Indymac Bank officially failed a few minutes ago. The FDIC has taken it over, and will begin liquidating assets on Monday. The failure will cost the FDIC trust fund between $4 and $8 Billion. Sadly, it looks like many depositors will lose a lot of money as well:
At the time of closing, IndyMac Bank, F.S.B. had about $1 billion of potentially uninsured deposits held by approximately 10,000 depositors. The FDIC will begin contacting customers with uninsured deposits to arrange an appointment with an FDIC claims agent by Monday. Customers can contact the FDIC for an appointment using the toll-free number above. The FDIC will pay uninsured depositors an advance dividend equal to 50 percent of the uninsured amount.That's an average of $50,000 per uninsured depositor. Keep it under $100,000 people!
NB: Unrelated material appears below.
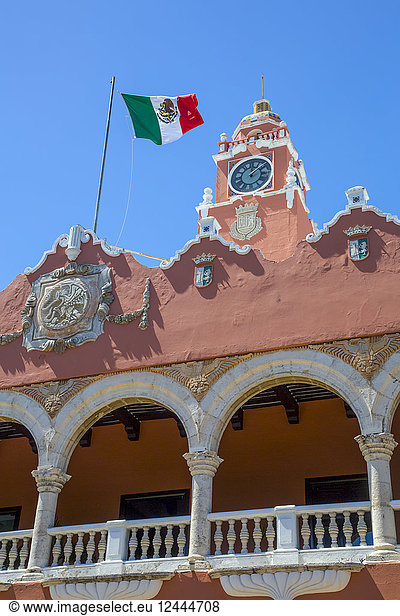 Uhrenturm auf einem städtischen Gebäude  Merida  Yucatan  Mexiko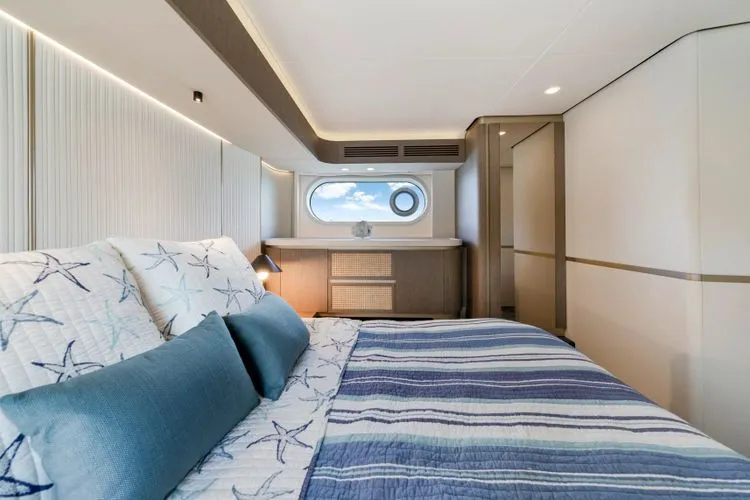 Slide: The Image of 2024 Azimut Magellano 60 - Image 37 - 37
The Office of Thrift Supervision (OTS) has blamed the failure of IndyMac on Chuck Schumer's letter at the end of June which caused a run on the bank. The OTC press release doesn't pull any punches:
The OTS has determined that the current institution, IndyMac Bank, is unlikely to be able to meet continued depositors’ demands in the normal course of business and is therefore in an unsafe and unsound condition. The immediate cause of the closing was a deposit run that began and continued after the public release of a June 26 letter to the OTS and the FDIC from Senator Charles Schumer of New York. The letter expressed concerns about IndyMac’s viability. In the following 11 business days, depositors withdrew more than $1.3 billion from their accounts.**Update 2**
“This institution failed today due to a liquidity crisis,” OTS Director John Reich said. “Although this institution was already in distress, I am troubled by any interference in the regulatory process.”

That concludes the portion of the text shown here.